You get rid of the if (k == i || k == j) by rewriting the first part of the loop using the following branch-free form (this is pseudocode. It's immediately applicable for ints, but you'll need to use intrinsics to get bitwise ops on floats):

dd = q2_vect[k] - q1_vect;
d2 = dd * dd;
d2 &= ~(cmp_equal(k, i) | cmp_equal(k, j));

Here, cmp_equal corresponds to the respective SPE intrinsics (semantics: cmp_equal(a,b) == (a == b) ? ~0u : 0). This forces d2 to zero when k == i or k == j.

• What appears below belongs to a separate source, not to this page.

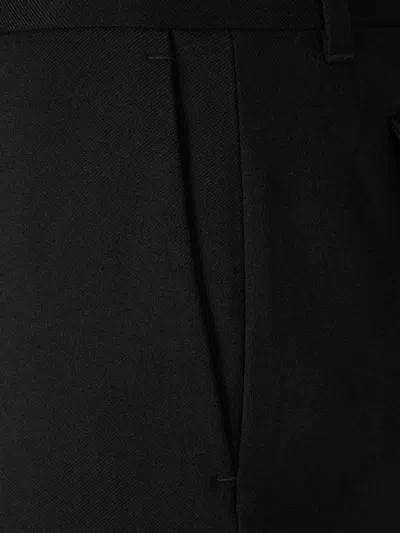 Alexander Mcqueen Tailored Wool Trousers Featuring Flared Hem In Black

To avoid the if (d2 > 0) branch in the inner loop, do the following:

a |= cmp_greater(d2, 0);

and only check if a is nonzero (to early-out) every few loop iterations. If all values computed for d2 are nonnegative (will be the case if your type is ints, floats or a real-valued vector class), you can simplify this further. Just do:

a |= d2;

In the end, a will only be nonzero if all of the individual terms were nonzero. But be careful with integer overflows (if you're using ints) and NaNs (if you're using floats). If you have to handle these cases, the above simplification will break the code.

回答3:

Usually loop unrolling means making the loop contain a few iterations, such that it is run fewer times. For example,

for(i=0;i<count;i++) {
    printf("%d", i);
}

could be unrolled to

i=0;
if(count%2==1) {
    printf("%d", i);
    i=1;
}
while(i<count) {
    printf("%d", i);
    printf("%d", i+1);
    i+=2;
}

回答4:

For the first problem, you need to not "execute" the loop body when the condition is met. For this particular problem, you can just place the logical negation of that condition inside the if statement's condition.

Normally unrolling is by a factor; the unrolled code still lives in a loop (unless the loop bounds are known to be very small). Furthermore, you'll need to do the "remainder" of the work (corresponding to the remainder of the problem size divided by the unroll factor) outside the loop.

So, an example of loop unrolling:

for (i = 0; i < n; ++i) do_something(i);

can be unrolled by a factor of 2 to:

for (i = 0; i < n-1; i += 2) { do_something(i); do_something(i+1); }
for (; i < n; ++i) do_something(i);

where the second loop does the "remainder" (it also sets i to be the same thing as the unrolled loop would have, but if i is not needed after this, the whole line can just be if (i < n) etc for this case).

回答5:

assuming n_n is a compile-time constant, the loop may be trivially unrolled like so:

do
{ 
  k=0
  if (k == i || k == j) 
    ;
  else
  {
    dd=q2_vect[ k]-q1_vect;
    d2=dd*dd;
    if (d2<0)
    {
      a=1;
      break;
    }
  }

  k=1
  if (k == i || k == j) 
    ;
  else
  {
    dd=q2_vect[ k]-q1_vect;
    d2=dd*dd;
    if (d2<0)
    {
      a=1;
      break;
    }
  }

  /* and so on, n_n times */

  k= n_n-1
  if (k == i || k == j) 
    ;
  else
  {
    dd=q2_vect[ k]-q1_vect;
    d2=dd*dd;
    if (d2<0)
    {
      a=1;
      break;
    }
  }

} while (0);

essentially, everything after the continue goes into the else portion of an if statement

Edit: since n_n is not a compile time constant, you can still unroll the loop by doing several runs through the loop in a loop, and then finish with a switch-case statement. in fact, you can combine them like so, this is called the Duff's device.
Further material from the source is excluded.